At the KEI blog, Bruce Klingner asks why the Obama administration has not exploited the sanctions powers it currently has. Following up on comments by Kurt Campbell, he notes that North Korea is less sanctioned than Burma was, and offers a defense of financial sanctions.
In a counter-point on the KEI blog, I look in somewhat more detail at the pros and cons of the new sanctions legislation. Among the concerns are limiting the president’s discretion to escalate sanctions when really needed (for example, in the face of a fourth test) but also to reduce them were an opportunity to arise. I also raise a concern explored in more detail by Joseph deThomas at 38North: that financial sanctions have the effect of limiting commercial trade and investment that the US would arguably like to encourage on the theory that a more integrated North Korea will ultimately be less bellicose. I confess to becoming more skeptical of the theory over time; if China is willing to support the regime through commercial engagement, the byungjin line might be able to persist for some time. Finally, The National Committee on North Korea offers a balanced assessment of the implications of the legislation for the humanitarian community, noting some possible barriers that might arise despite the bill’s efforts to keep this channel open.

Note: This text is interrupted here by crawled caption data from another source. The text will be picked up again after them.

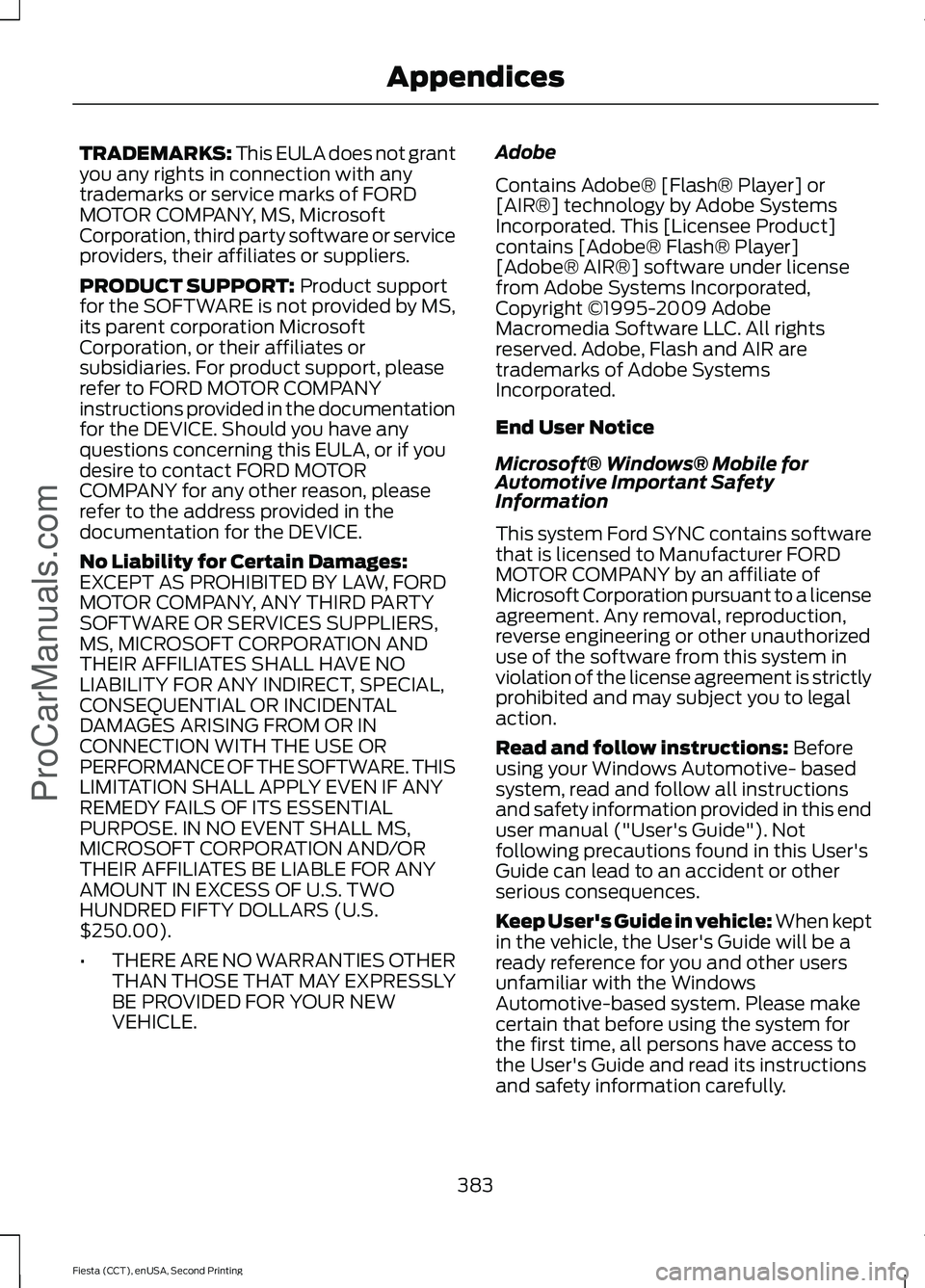 FORD FIESTA 2015  Owners Manual TRADEMARKS: This EULA does not grant
you any rights in connection with any
trademarks or service marks of FORD
MOTOR COMPANY, MS, Microsoft
Corporation, third party software or service
providers, thei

Marc Noland and I provide a detailed chapter-by-chapter overview of the legislation in the post cited above; I reproduce it here; WTT refers to our commentary.
House Foreign Affairs Sectional Analysis of the North Korea Sanctions Enforcement Act of 2014 with Witness to Transformation Commentary.
Title I—Investigations, Prohibited Conduct, and Penalties.
Section 101. This section states that it is the policy of the United States to pursue vigorously sanctions against the North Korean government in order to peacefully disarm Pyongyang.
Witness to Transformation commentary (WTT). The choice of “peaceful disarmament” of North Korea is particularly unfortunate if we ever want to engage the country; what leadership would agree to being “disarmed”?
Section 102. This section mandates that the President investigate sanctionable conduct involving North Korea upon the receipt of credible information that a person or entity has engaged in such activity. Among other things, this may include proliferation of weapons of mass destruction,arms related materials, luxury goods, and counterfeit goods. This provision would prevent any Administration from ignoring destructive North Korean behavior.
WTT. An interesting feature of the legislation is that it opens the door for outside information to be brought to bear on the sanctions process.
Section 103. This section requires regular briefings to Congress on North Korean assets and transactions, so that Congress can oversee the enforcement of sanctions and ensure that North Korea is cut off from its offshore assets and income. It also requires the Administration to be more forthcoming with providing information to Congress.
WTT. The President is supposed to report on North Korea’s foreign asset holdings, about which little is known; however, this could incentivize more Treasury sleuthing on the question.
Section 104. This section describes the conduct and entities subject to sanctions. It mandates blocking sanctions (the prohibition on any transfers in financial instruments or other property) against persons that have materially contributed towards North Korea’s nuclear, ballistic missile development and other unconventional programs. While this prohibition is contained in existing Executive Orders, this legislation makes such violations mandatory, rather than discretionary. It sanctions persons that engage in other destructive activities—from importing or exporting into North Korea related WMD materiel, to producing training or advice to their unconventional and conventional weapons programs. It also levies mandatory sanctions on those who import luxury goods into North Korea, or enable its censorship efforts or continuing human rights abuses. Finally, it strikes at the heart of their efforts to fund their illicit activities by requiring sanctions against those who have engaged in money laundering, counterfeit goods manufacture, or narcotics trafficking.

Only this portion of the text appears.